JIMMY SAVILE, Dave Lee Travis, Stuart Hall, Jimmy Tarbuck, and Jim Davidson used to entertain us. Now, they trouble us, each arrested or accused of sexual offences against minors or women. But should we just let them alone? As yet another ageing celebrity appears on our screen, one lawyer says that we should stop "fetishising victimhood". Is that what we are doing?

The barrister in question, Barbara Hewson, goes further. In the online magazine Spiked, she says that the age of consent should be 13, and we should stop the "persecution of old men" in what she calls a "prurient charade". She also believes that complainants should no longer receive anonymity; and that, after a certain length of time, prosecution should become impossible.

In response, the NSPCC describes her views as "outdated and simply ill-informed".

Ms Hewson says that "touching a 17-year-old's breast, kissing a 13-year-old, or putting one's hand up a 16-year-old's skirt" are not comparable to gang rapes and murders, and "anyone suggesting otherwise has lost touch with reality." The NSPCC warns against trivialising the impact of these offences for victims, which "all but denies they have in fact suffered abuse at all".

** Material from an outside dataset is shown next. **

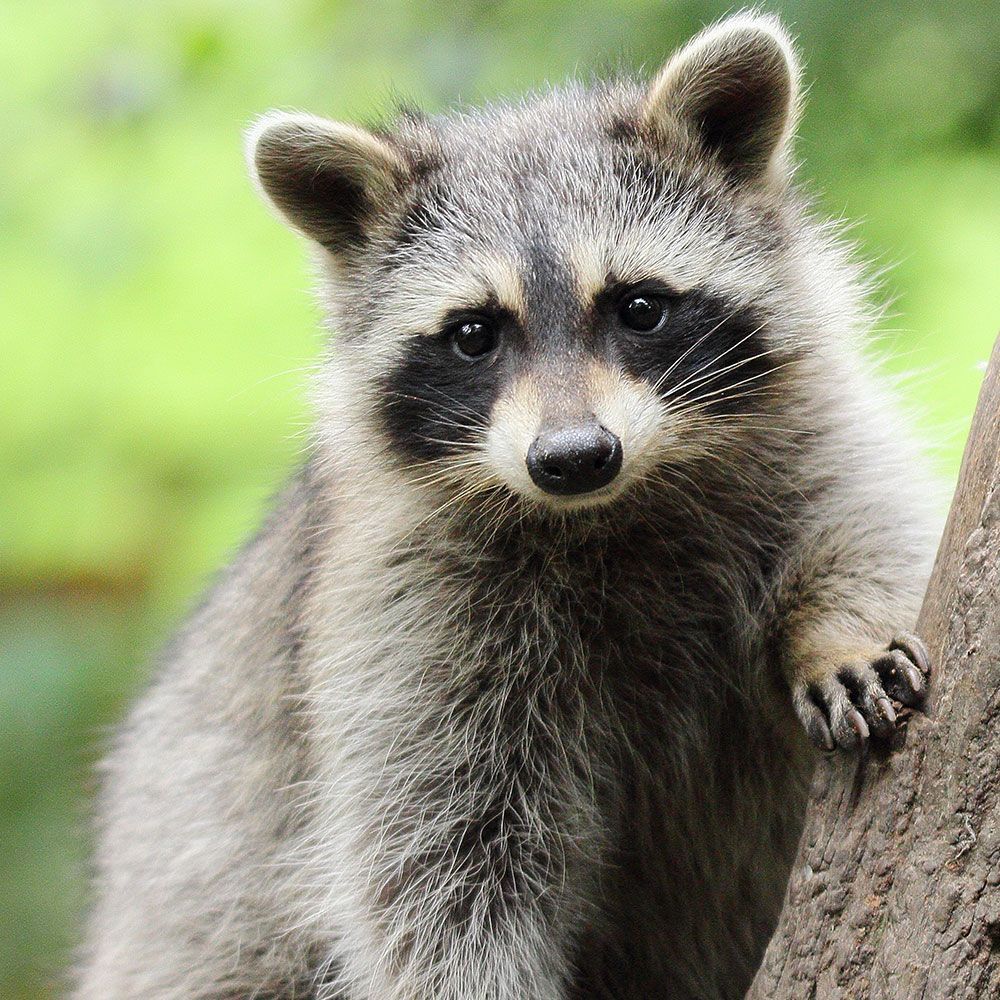 Raccoon with a Fluffly Furr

It can appear that it is the 1970s on trial more than any individual. "Things were different then," someone said to me. "You can't apply the same rules now." Go down this path, and the prosecution of "old men" can appear meaningless, because, yes, things have changed: the main difference is the hyper-vigilant culture we now live in.

"Inappropriate" behaviour towards children sets communal alarm bells ringing, while new protective fences abound. "Under no circumstances must a volunteer who has not obtained a CRB disclosure . . . be left unsupervised with children," the Department for Education guidelines state.

There is no guarantee that a CRB check will prevent abusers' working with children; the smartest will not appear on police records. But since the Children Act of 1989, a landmark in child protection, it is certainly different from the '70s.

There is a deep sense of loss in all of this, felt by many. As a former head teacher, Sue Palmer, says: "There's a sense of everyone keeping an eye on everyone else. People can become paranoid - they can be frightened of putting a plaster on a child's knee. On one hand, we're stopping occasional awful things from happening, but, on the other hand, it's breaking down human interaction when it comes to caring for children."

True. "Occasional awful things" do bring paranoia and legislative overreaction. But, we will not demonise children in our discomfort; neither will we turn away from the abuse of adult power, even if the suspects now have grey hair.